Website Builders: Bad for Business

It can be alluring to get a website up and running within a few minutes, but business owners should resist the urge. While a website builder may be a fast way o launch, it isn’t going to have longevity behind it. Website builders like Wix and Squarespace look generic; they feel like any other corporate shop on the internet. They aren’t exciting, they can’t be significantly customized, and they’re likely to be bogged down by extraneous code.

Yet, many business owners do hesitate before they create their own site. They may feel as though their “real” site is coming later. They may not be anticipating a lot of online traction. Or they may just be thinking that they don’t want to maintain a website, and therefore they shouldn’t have one that requires constant maintenance.

Regardless, those who don’t have a complete, custom website for their products and services are going to find it increasingly hard to engage customers, because it’s now an entirely digital world. People want to be able to connect with brands through their websites, and they want those websites to be unique and robust.

It’s better for a business owner to invest in a real, custom website than trying to use short cuts — and a website is an investment. By doing things properly from the start, business owners can take control of their online presence, and improve their online services.

So, what’s stopping people?

Once you know that website builders are generally bad, you start to ask yourself why users even use them at all.

There are three issues: time, money, and knowledge.

Some business owners don’t have the time to build their own website, so they instead choose to do it quickly. Others are concerned about the potential costs of developing a website, so they want to do it on their own. And still others would love to develop their own website, but they don’t have the knowledge. Their only option feels like using a website builder.

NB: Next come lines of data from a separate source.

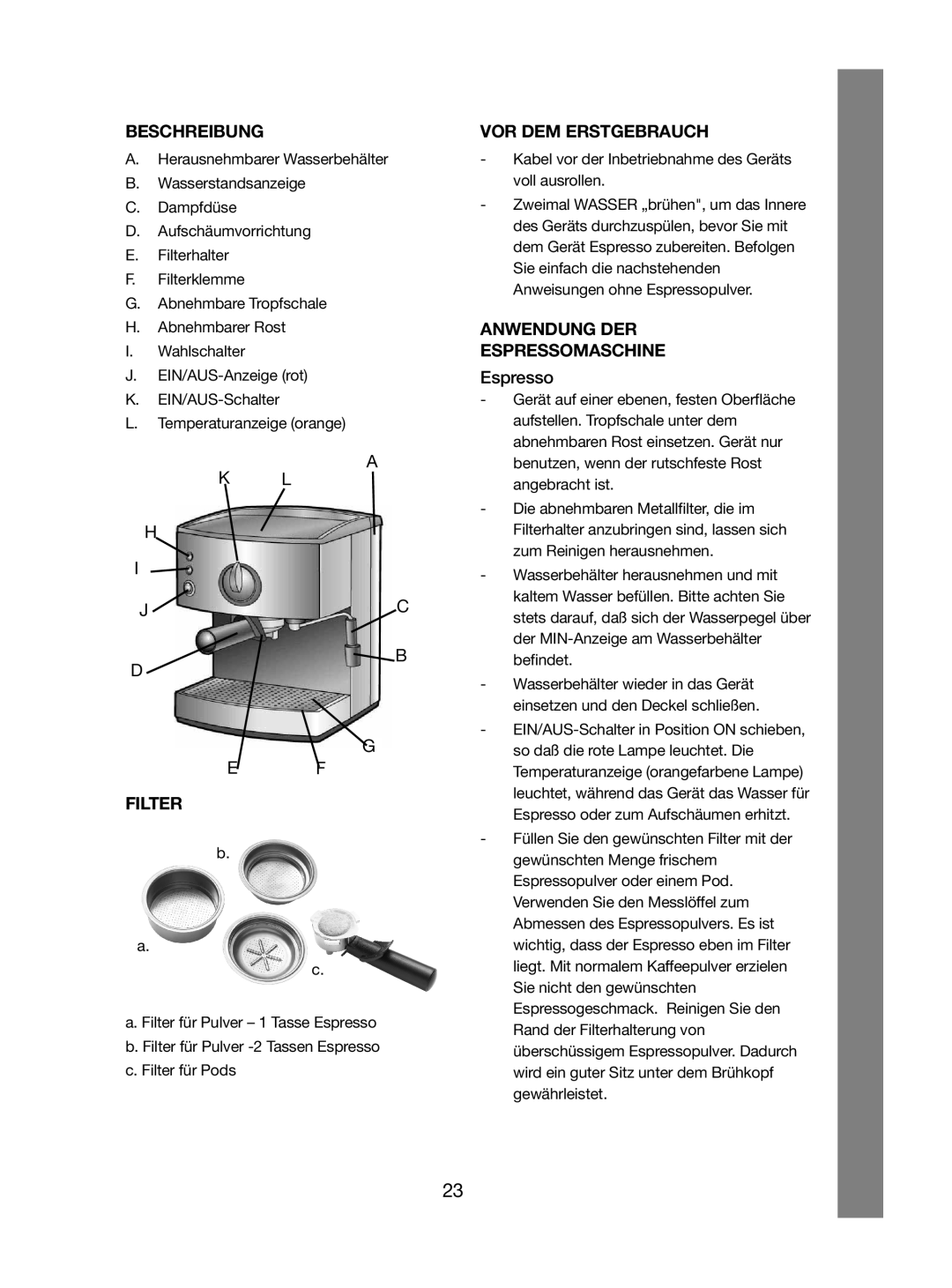 Melissa 245-032 manual Beschreibung, VOR DEM Erstgebrauch, Anwendung DER Espressomaschine 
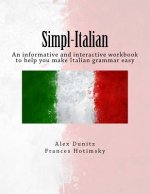 Simpl-Italian: An informative and interactive workbook to help you make Italian grammar easy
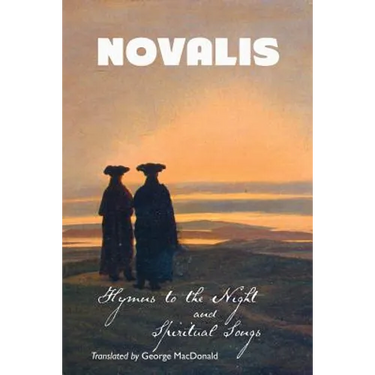 Hymns to the Night and Spiritual Songs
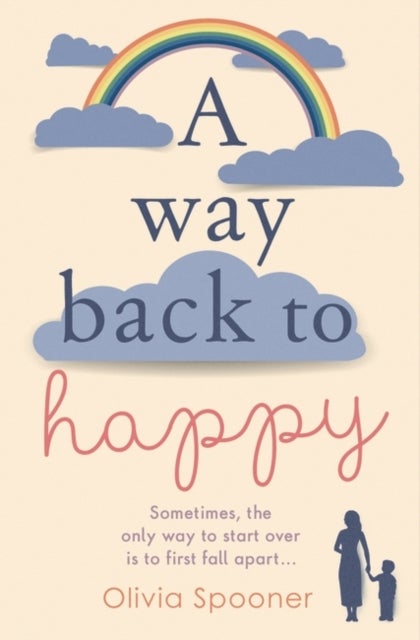 A Way Back to Happy - An absolutely uplifing and emotional read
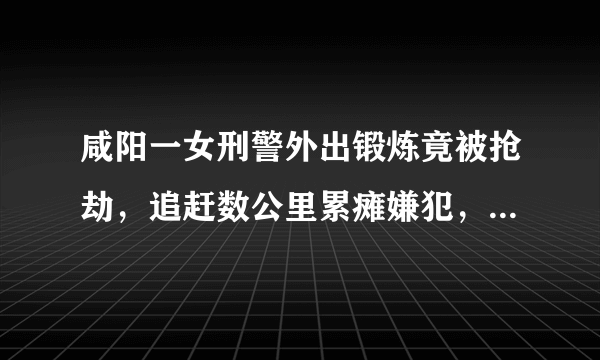 咸阳一女刑警外出锻炼竟被抢劫，追赶数公里累瘫嫌犯，她的身体素质有多好？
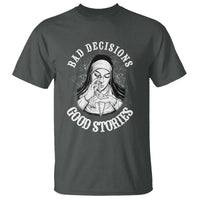 Funny Unholy Nun T Shirt Bad Decisions Good Stories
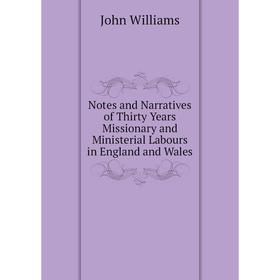 

Книга Notes and Narratives of Thirty Years Missionary and Ministerial Labours in England and Wales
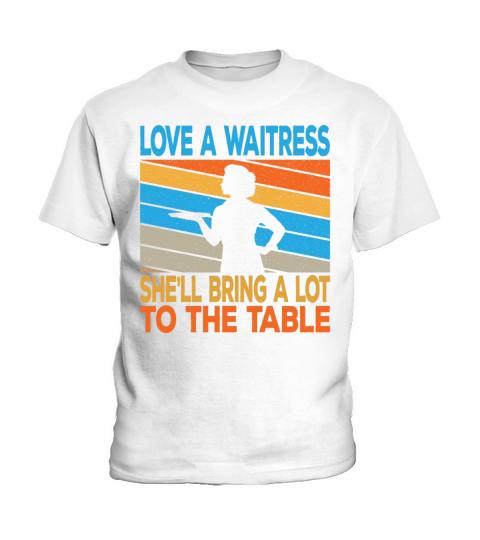 Love a Waitress Shell Bring A Lot To The Table Kids T-Shirt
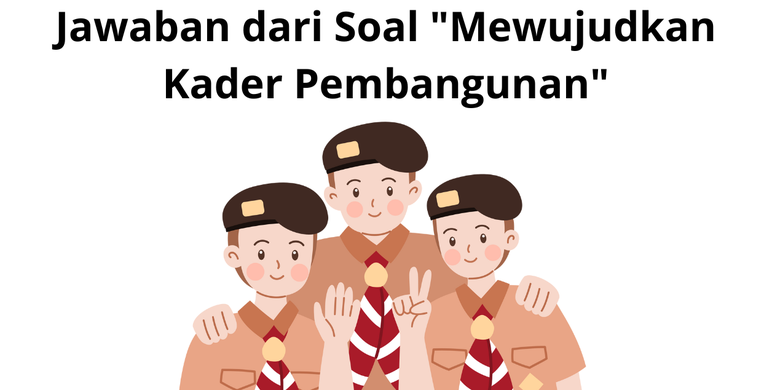 Jawaban Dari Soal "Mewujudkan Kader Pembangunan"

But consider that a website really pays for itself in terms of marketing; if a website is badly written in a website builder, it’s not likely to make the company as much money as it should. And while it does cost a lot in “time” to create a website, it costs virtually nothing to hire a professional. That brings us to the next point: there’s also no need to develop in-depth knowledge of programming as long as someone else can do the programming for you.

Most people know deep down that a website builder isn’t going to give them the features and functionality they need, but they tend to compromise because it’s the best and fastest plan they have. But working with a knowledgeable partner usually helps. Companies can reach out to web design studios to find out more about designing a website from scratch, the benefits, and how the process differs from working with website builders like Wix and Squarespace. A little knowledge can go a long way.